For 10+ mile hikes, tape goes, TP usually goes but in 13+ years I've yet to need it.  (with a 4 hour drive to trailheads the rest area's Dunkin donuts, etc... on teh way suffice, I don't need to draw a picture do I?  :blink: ) 

As the season changes or the a Presidential Trip is planned (or both) gloves, fleece pants & tops, rain pants, hats & or balaclavas mean I can take out the ER fanny pack out of the car (because you never know when you may have a couple of hours to kill & your near a peak, state park, forest or rail trail) & the ER 2500 pack stays in the back of the car.

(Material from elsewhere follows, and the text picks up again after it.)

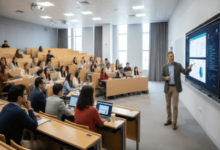Why Smartboard Technology Is Important for Modern Collaboration and Education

Winter trips I have to plan for, add crampons & snowshoes usually require a 3000 pack


----------



## Skier75 (Sep 30, 2005)

Here's ours:
1) Firstaid kit
2) TP
3) Spade
4) 72 oz water per person
5) Goretex, head to toe (Boots, pants, shell, hat) 
6) Fleece shirt
7) Whistle
8) Compass & map (I know, that's two)
9) Camera
10) Food (I like cheese and crackers)(And Chocolate)

Pretty much, this comes all the time, unless it is the dead of summer, then we may leave the fleece shirt behind. Typically, we have fleece head to toe also, and gloves, too. 

Used to be, I would occasionally solo hike, or bring my dawg. Nowadays, just let me try to go solo. It would not be pleasant when I return...... So now I bring along my favorite........ sleeping bag warmer!!!!


----------